▶ _WHAT YOU SHOULD DO_
Output, exactly as written, the lines below from the one that has "Temperaturkarte (2m) UK-Global" through the one that has "Socorex Bottle Top"; nothing else, and no pictures.

WORKING DATA Start Marker

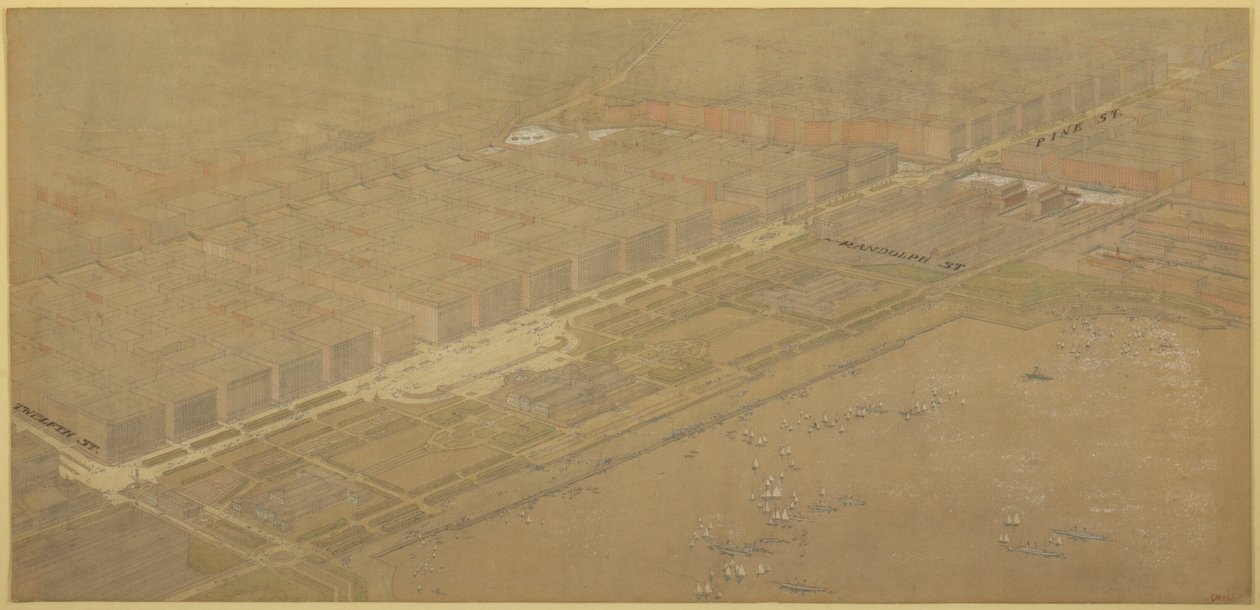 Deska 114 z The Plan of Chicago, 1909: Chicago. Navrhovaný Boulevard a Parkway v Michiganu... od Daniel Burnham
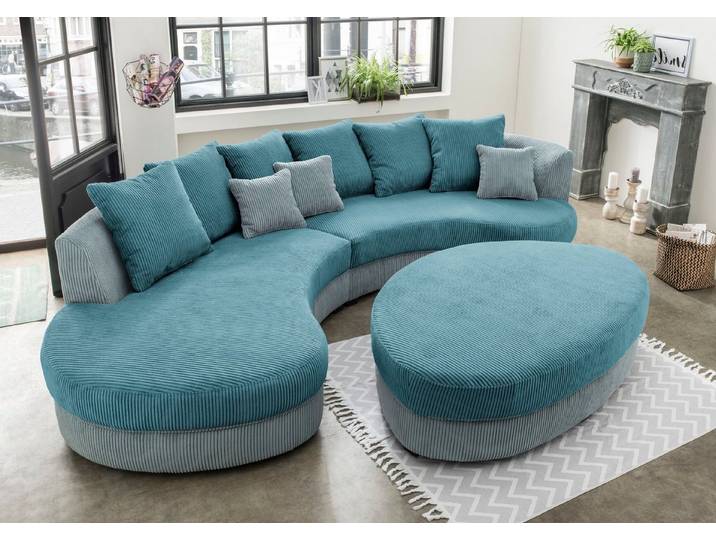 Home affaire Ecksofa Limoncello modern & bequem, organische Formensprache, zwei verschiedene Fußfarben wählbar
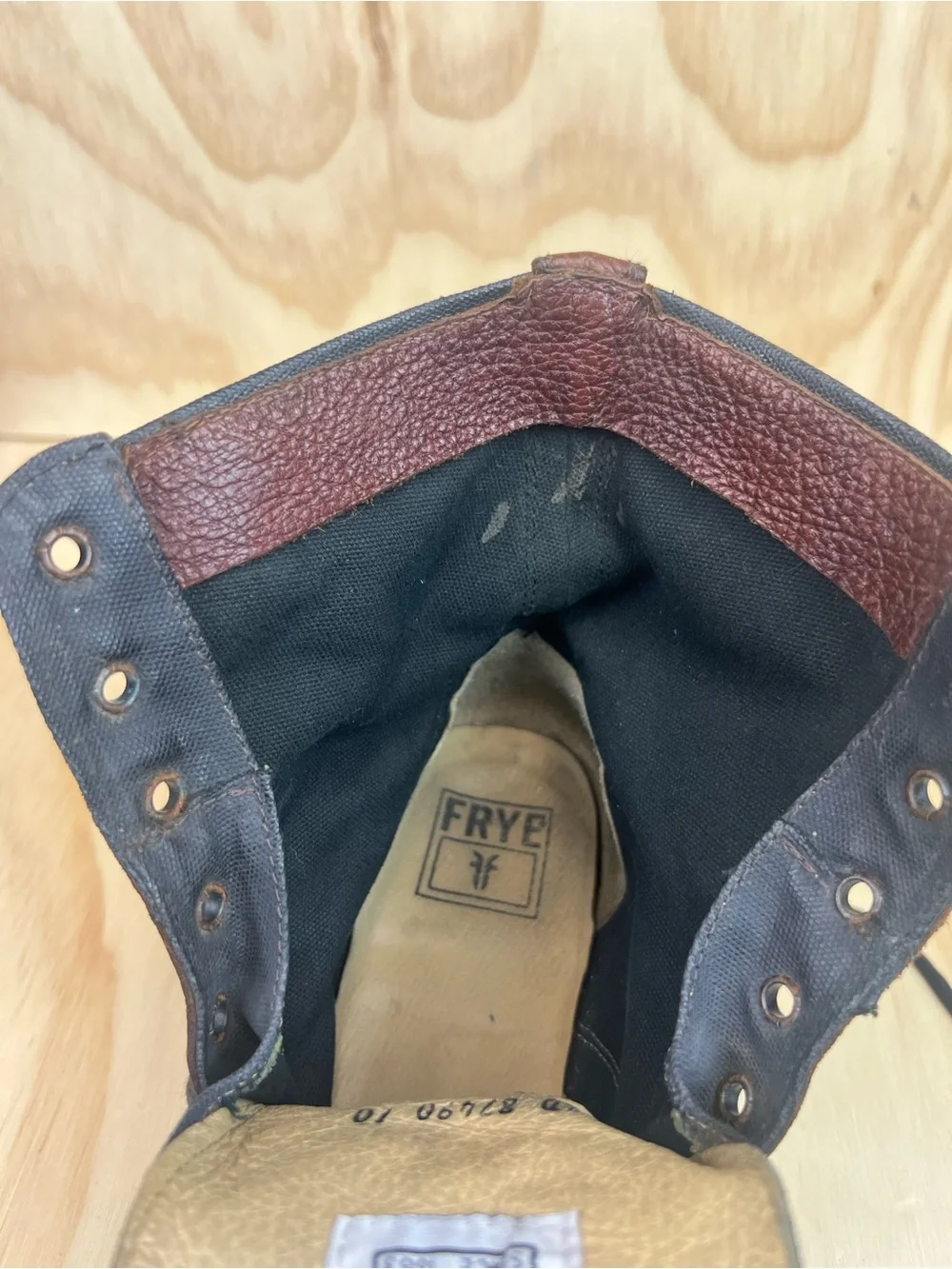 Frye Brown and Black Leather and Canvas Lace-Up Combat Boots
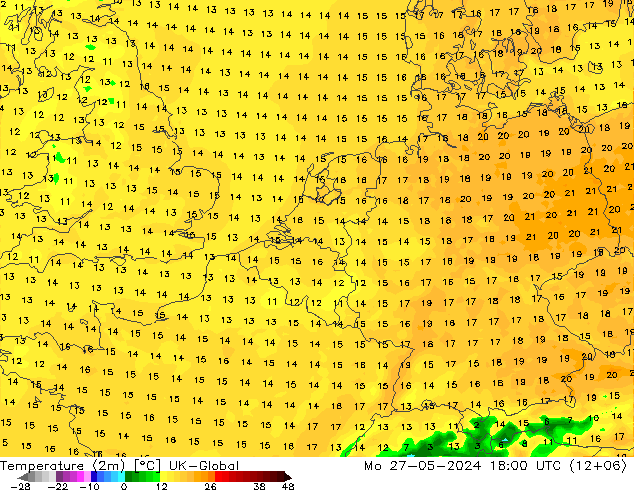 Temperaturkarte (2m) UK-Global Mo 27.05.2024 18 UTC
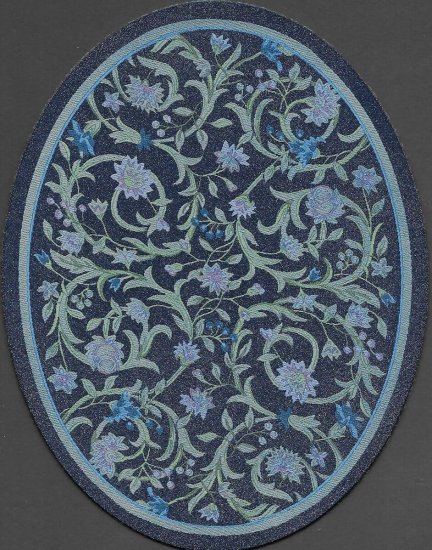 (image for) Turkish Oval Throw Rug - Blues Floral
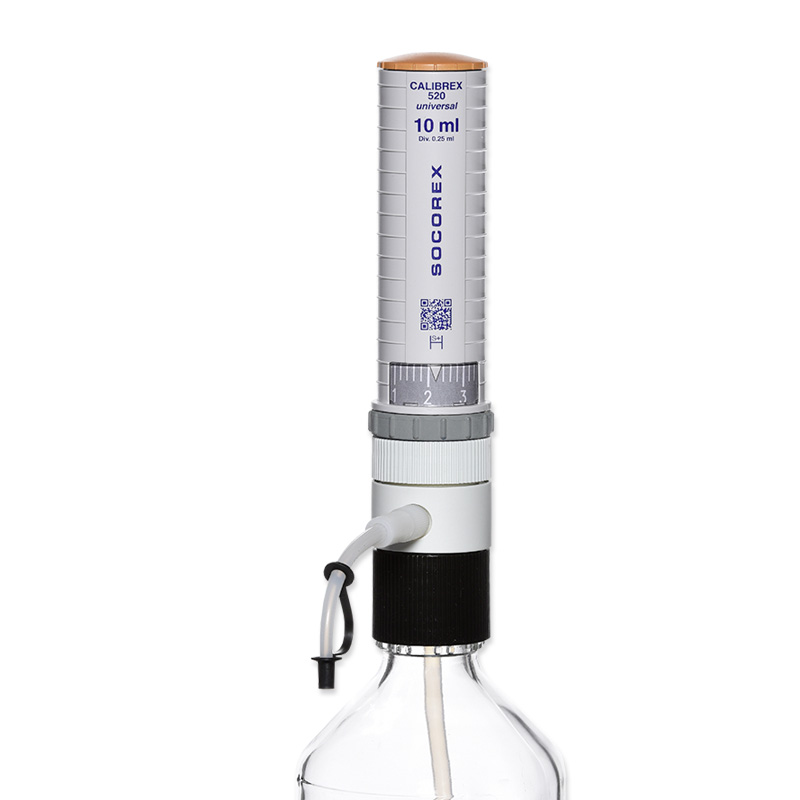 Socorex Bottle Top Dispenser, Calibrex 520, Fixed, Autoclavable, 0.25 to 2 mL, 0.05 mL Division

WORKING DATA End Marker
WORKING DATA Start Marker

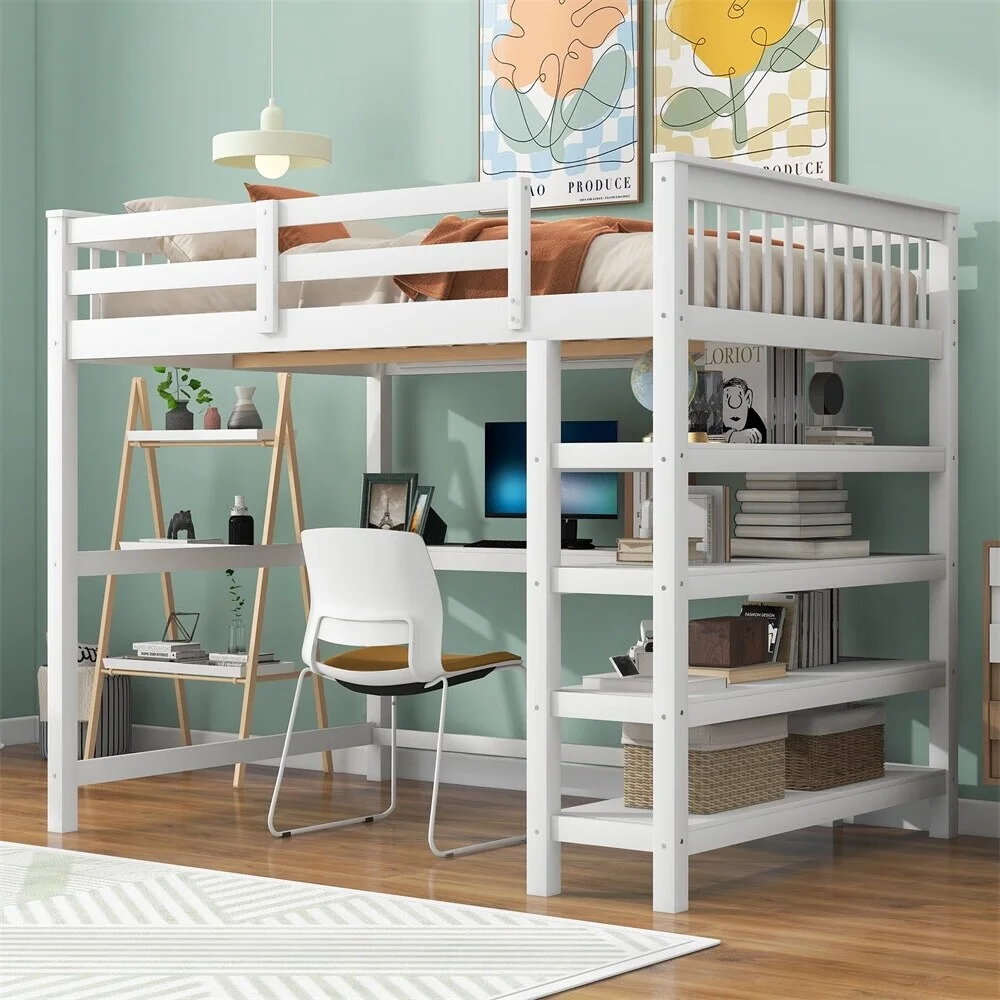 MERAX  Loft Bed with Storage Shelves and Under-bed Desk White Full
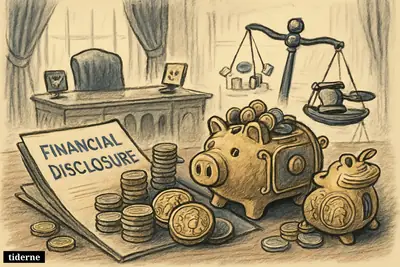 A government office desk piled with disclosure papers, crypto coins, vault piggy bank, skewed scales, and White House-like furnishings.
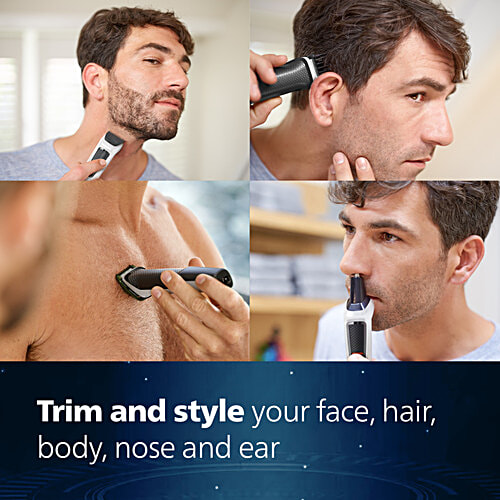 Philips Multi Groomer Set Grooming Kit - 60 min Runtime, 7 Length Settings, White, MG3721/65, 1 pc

WORKING DATA End Marker

▶ _RESPONSE FOR THIS EXERCISE_
 Temperaturkarte (2m) UK-Global Mo 27.05.2024 18 UTC
 (image for) Turkish Oval Throw Rug - Blues Floral
 Socorex Bottle Top Dispenser, Calibrex 520, Fixed, Autoclavable, 0.25 to 2 mL, 0.05 mL Division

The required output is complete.